Impuls MCC Köln, 21. August 2022
Ines-Paul Baumann

Römerbrief 11,25-32

„Christen“ – sind das für dich die mit den Aufklebern und Plakaten, die ziemlich viel von deinem Lebensstil als Sünde bezeichnen? Oder eine Kirche, in der du aufgewachsen bist (oder in der du gerne arbeiten möchtest)? Oder eine Gemeinde, die voller Enthusiasmus Menschen zu Christen erzieht?

Wenn Menschen überlegen, ob sie mit „christlich“ etwas anfangen können, haben sie vielleicht ähnliches im Kopf. Sie vergleichen sich mit denen, die Glaubensleben vorleben, und fragen sich: Passe ich DA dazu? WILL ich da dazu passen??

Als die Briefe des Paulus verfasst wurden, die wir heute im Neuen Testament finden, galt als Standard für „Gläubige“ das Judentum. Der heutige Predigttext ist Teil einer großen Debatte zu der Frage: Müssen sich Heiden den Regeln des Judentums anpassen, um im Sinne Jesu Gläubige sein zu können? Paulus hat eine klare Meinung dazu: Nein, ein Leben mit Gott ist möglich, ohne sich denen anzupassen, die meinen, Glaubensleben vorzuleben.

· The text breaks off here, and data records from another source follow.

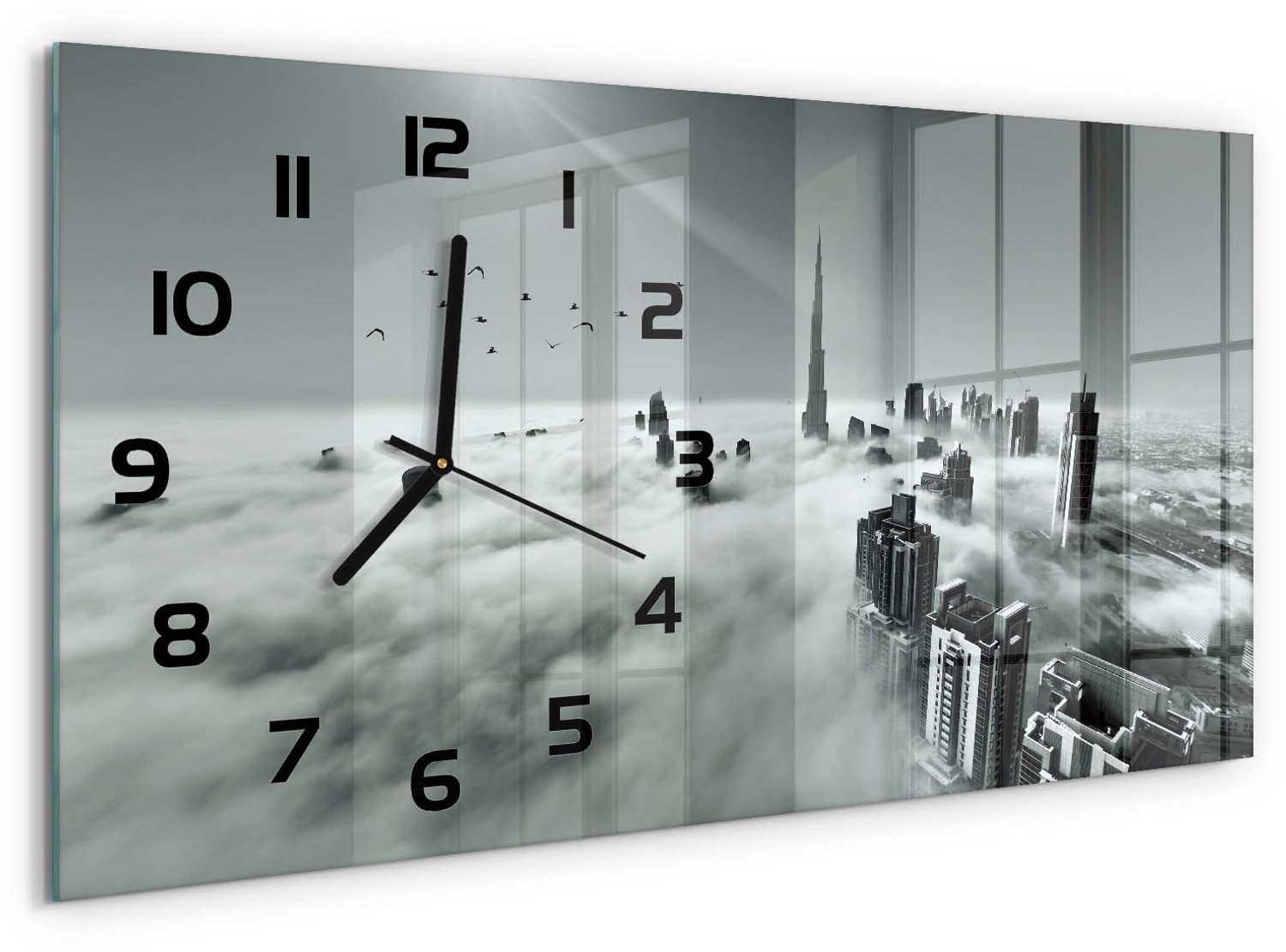 TULUP Wandklok - Mist boven Dubai Glazen Wandklok Design - 60x30 cm - Zwart-wit Klok Glas Met Opdruk - Zwarte handen - Rechthoekige Klok - Wandklok Glas Met Motief - Decoratieve Glazen Klok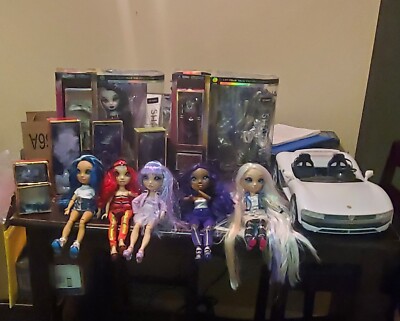 5 Rainbow High Dolls, 2 Shadow Edition Dolls, Car, & 7 Outfits. Free Shipping!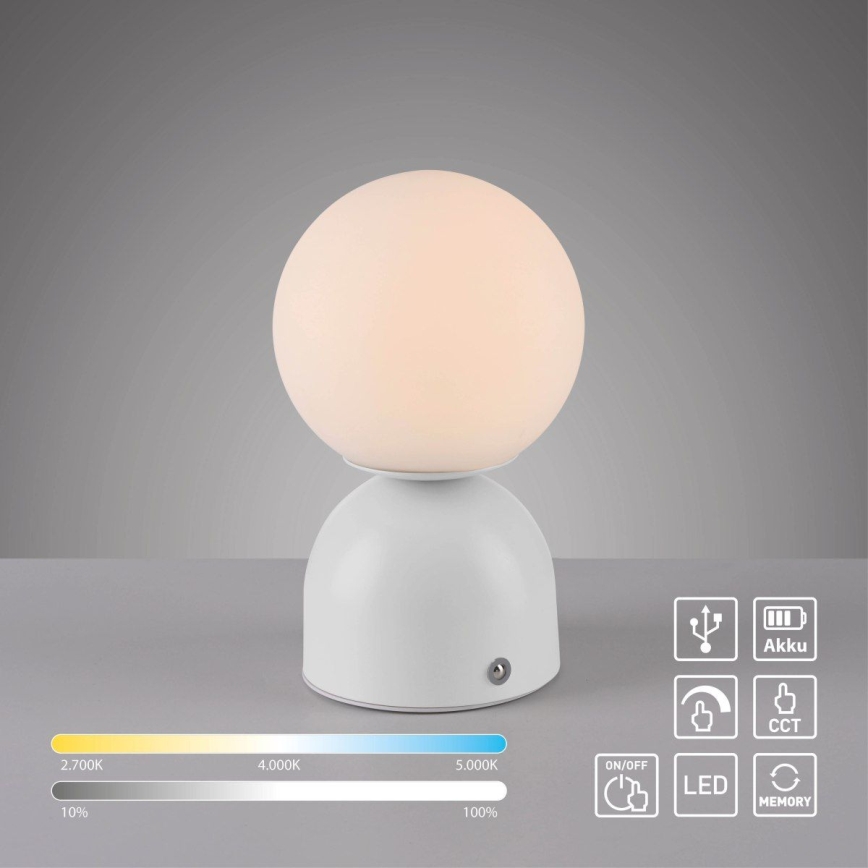 Schöner Wohnen 19218-16 - Lampe de table LED dimmable à commande tactile et rechargeable RUDI LED/1,2W/5V 3000-6000K 1200 mAh blanche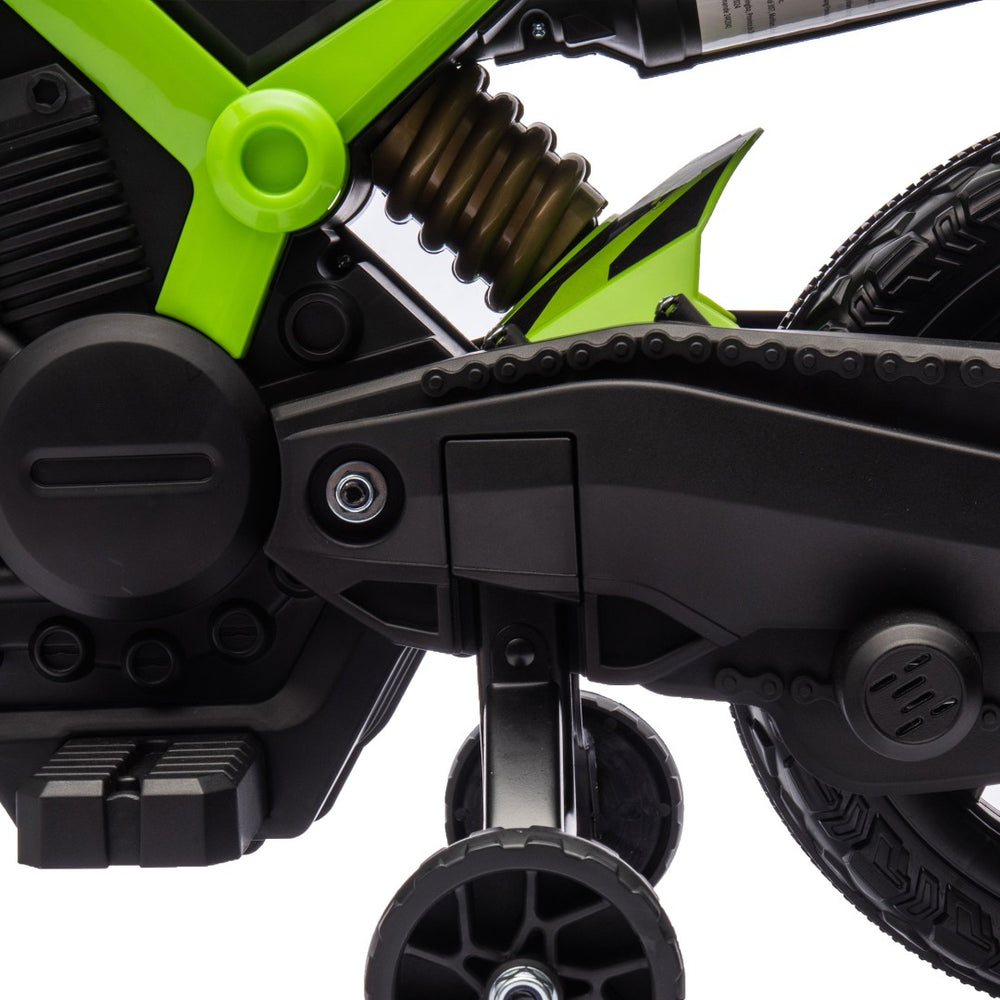 English Elm Qaba Kids Electric Dirt Bike 6v Battery Powered Ride on with Training Wheels Ages 3 to 8 W2225P249807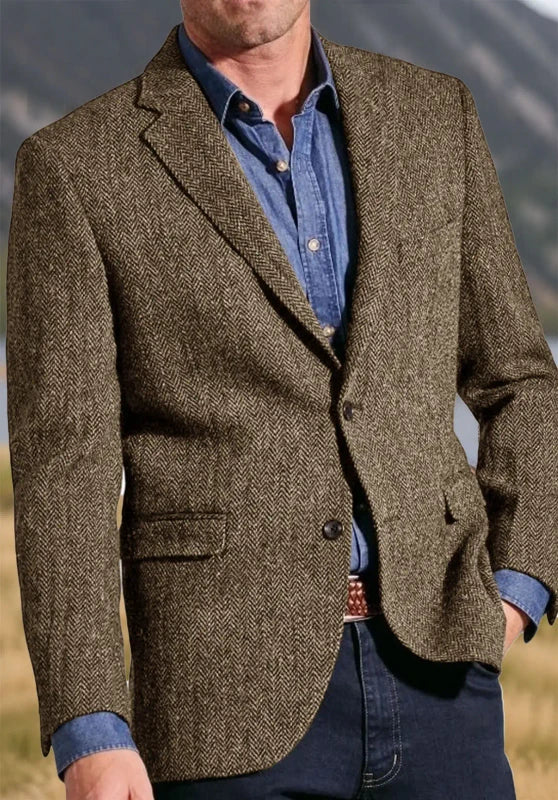 Notch lapel two-button blazer, khaki color view
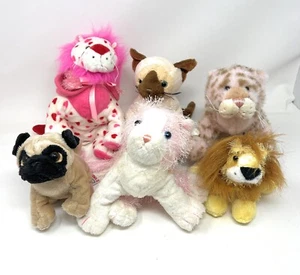 Lot 6 Ganz Webkinz Plushes Snow Leopard Love Lion Pink Siamese Cat Pug NO CODES - Picture 1 of 7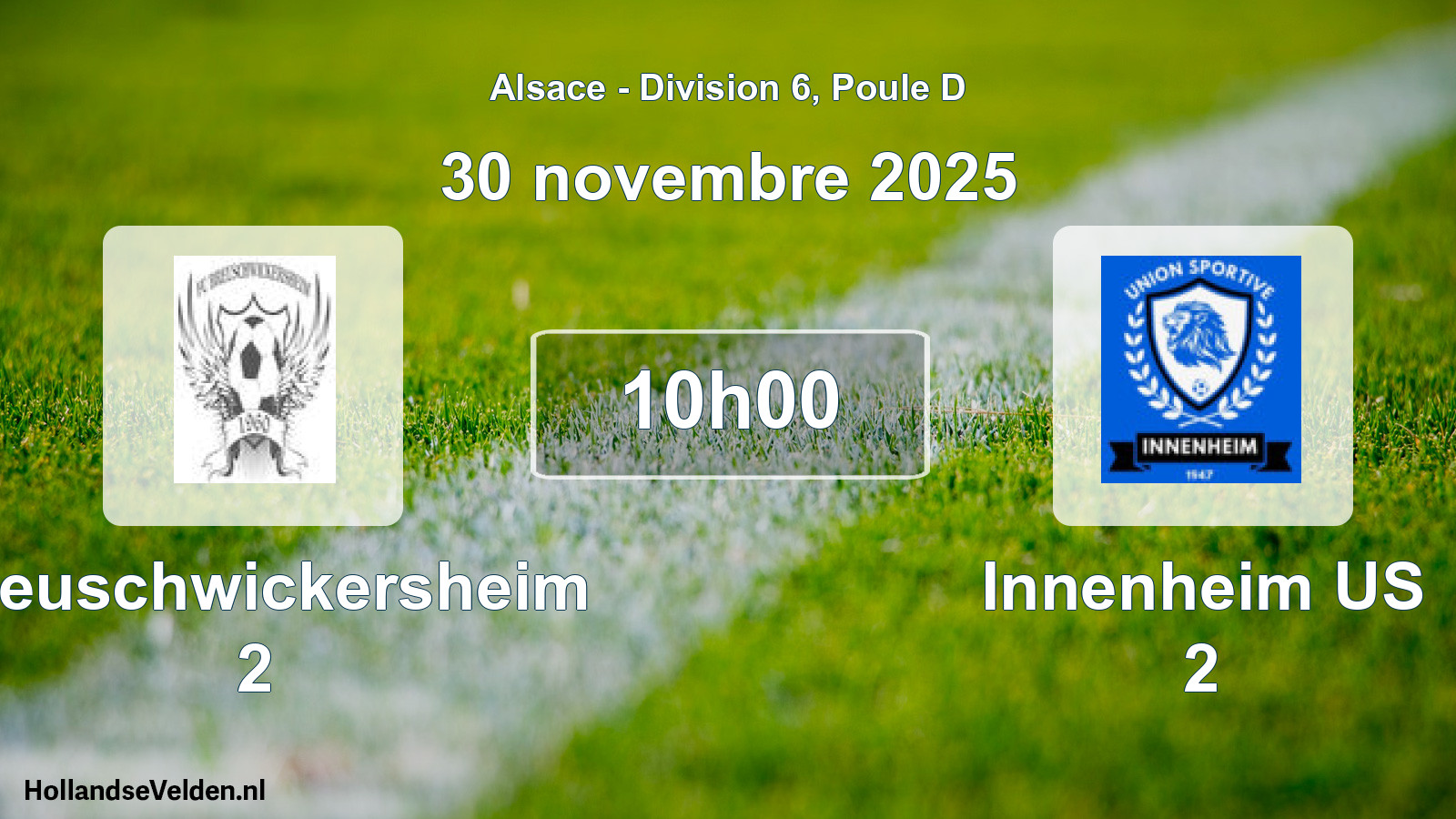 Geplande wedstrijd: Breuschwickersheim 2 - Innenheim US 2 (30 november 2025)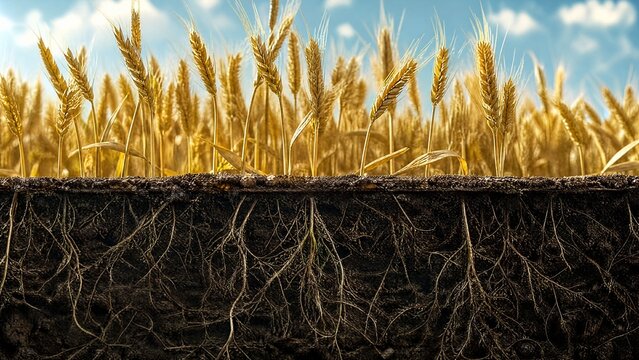 Horizontal split composition of luminous golden wheat sheaves above and dark, intricate root systems below.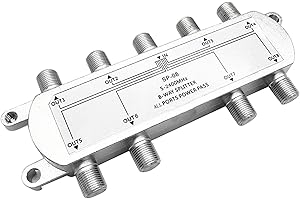 Advanced 8 Way Coaxial Cable Splitter 5-2400MHz CATV 1 in 8 Out High-Isolation Shielding Structure Coaxial Splitter Satellite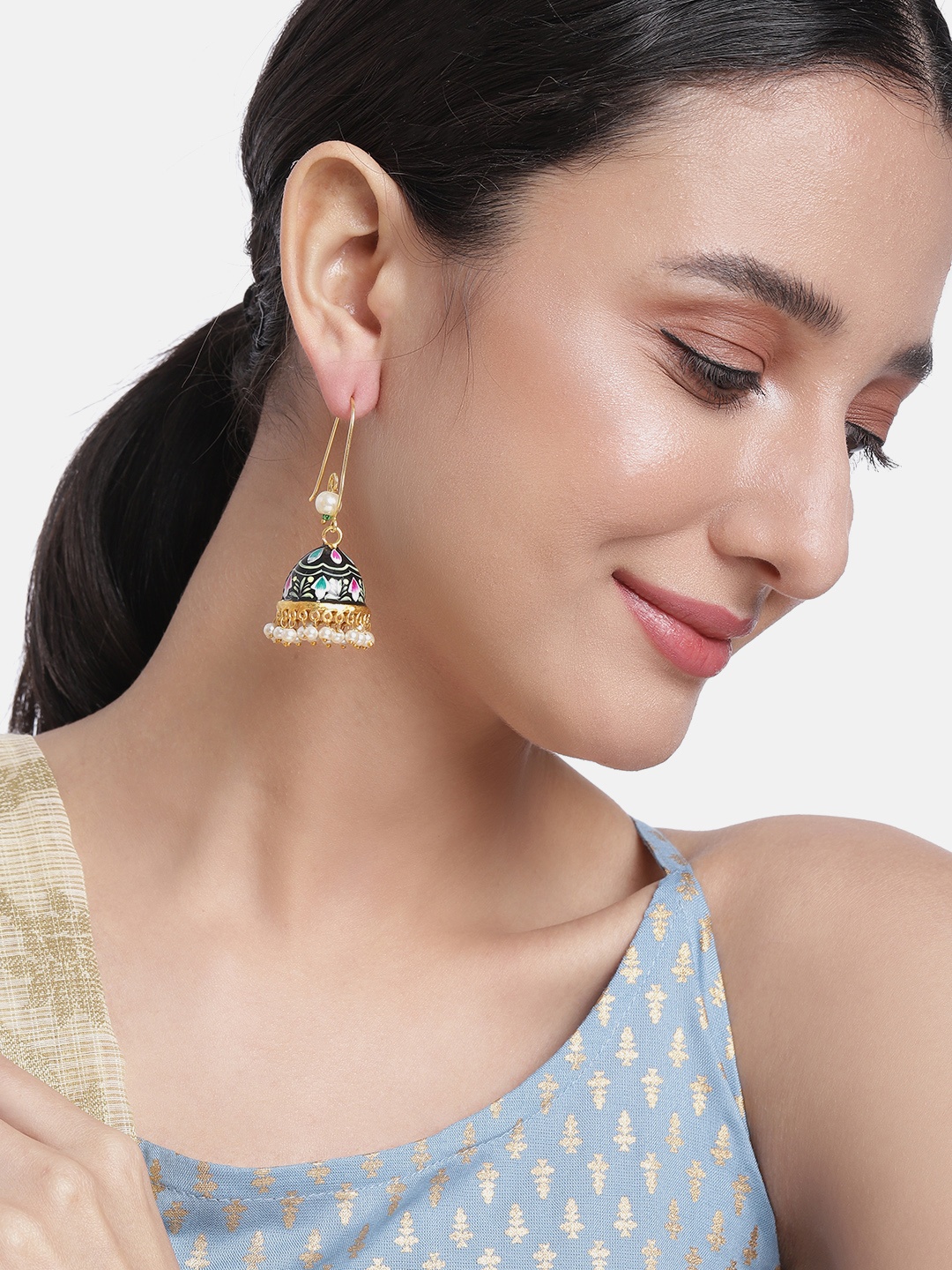 

Peora Black Dome Shaped Stone Studded & Beaded Jhumkas Earrings
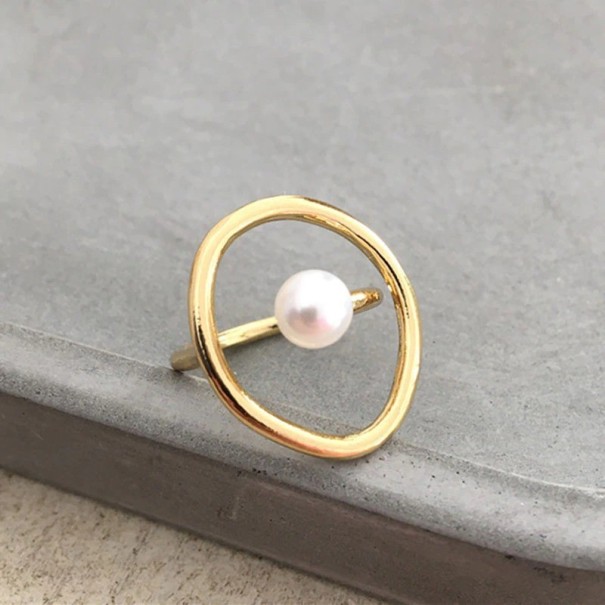 Dame ring med perle 1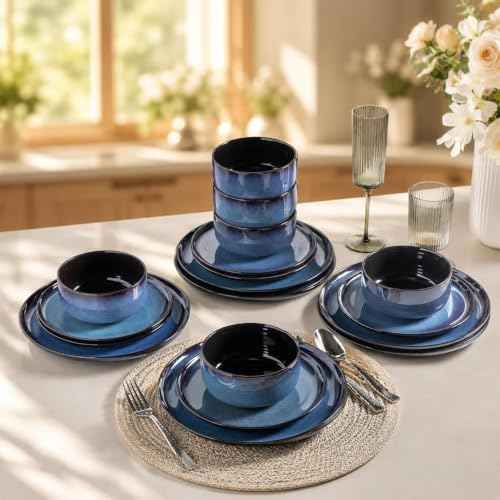 LERATIO Ceramic Dinnerware Sets for 8,24-Pcs Porcelain Plates and Bowls Set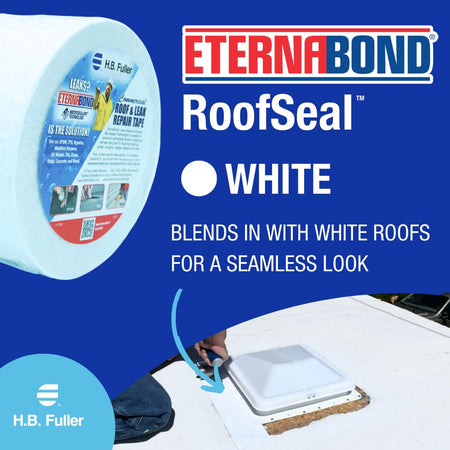 ETERNABOND RSW-4-50R RoofSeal White 4 x50' MicroSealant UV Stable RV Roof Seal Repair Ta...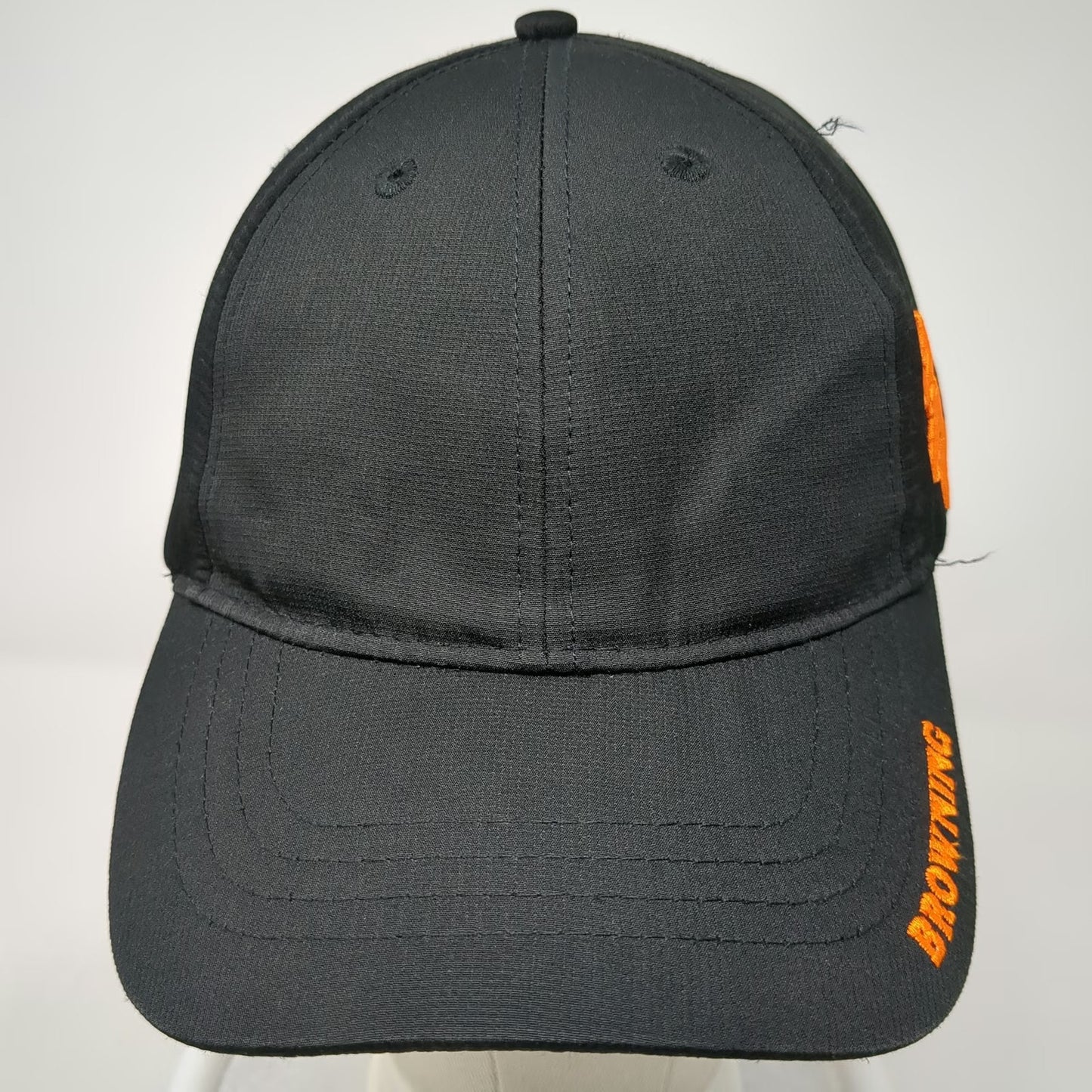 Browning Baseball Cap Black One Size Strapback Orange Buckmark Side Logo Hat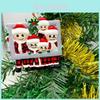 Charming Family Photo Frame Ornament For Christmas Tree Featuring Cute Resin Santa Design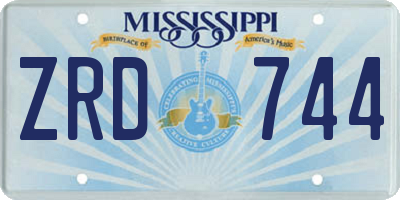 MS license plate ZRD744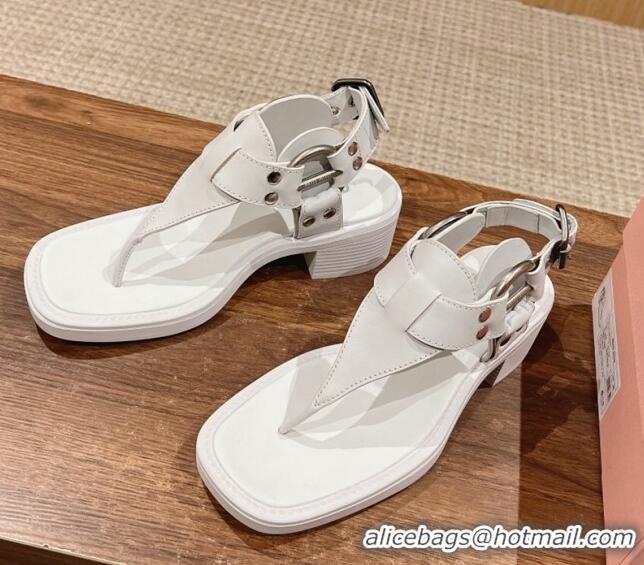 Good Product Miu Miu Leather Heel Thong Sandals with Buckle White 327069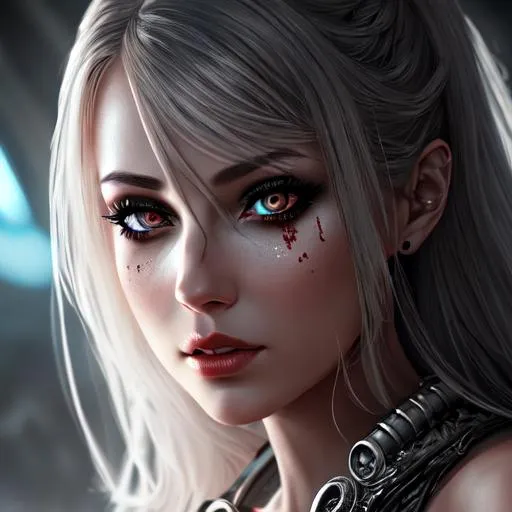 Prompt: A crisp, clear, photorealistic image of a sadistic women. Horror, nightmare, bloody, detailed, intricate, clear eyes. Crisp image, extremely detailed, sci-fi, fantasy, Clear, high resolution, 8k resolution , futuristic,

25Ich möchte, dass ihr die verborgene Wirklichkeit kennt, Geschwister, damit ihr die Dinge nicht nur nach euren Maßstäben beurteilt: Über einen Teil Israels erging eine Verhärtung. Sie wird so lange anhalten, bis die °Völker vollzählig hinzugekommen sind. 26Auf diese Weise wird ganz Israel gerettet werden, wie es aufgeschrieben ist: Aus Zion wird die Rettung kommen, sie wird Jakobs Trennung von Gott aufheben. 27Und dieses ist mein °Bund mit ihnen, wenn ich das von ihnen begangene °Unrecht wegnehme. 28Im Blick auf die Freudenbotschaft sind sie feindlich gesinnt – um euretwillen. Im Blick auf die Auserwählung sind sie Geliebte, auf Grund ihrer °Mütter und Väter. 29Denn Gott bereut es nicht, in °freier Zuwendung Geschenke gemacht und Menschen gerufen zu haben. Das gilt unwiderruflich. 30Einst habt ihr nicht auf °Gott gehört, jetzt! aber habt ihr Barmherzigkeit erfahren, weil sie sich weigerten, auf Gott zu hören. 31Jetzt! sind sie es, die nicht auf Gott hören, weil euch Barmherzigkeit geschenkt wurde. Dies geschieht, damit auch sie Barmherzigkeit erfahren. 32Gott hat alle in ihrem Starrsinn eingeschlossen, um allen Barmherzigkeit zu schenken.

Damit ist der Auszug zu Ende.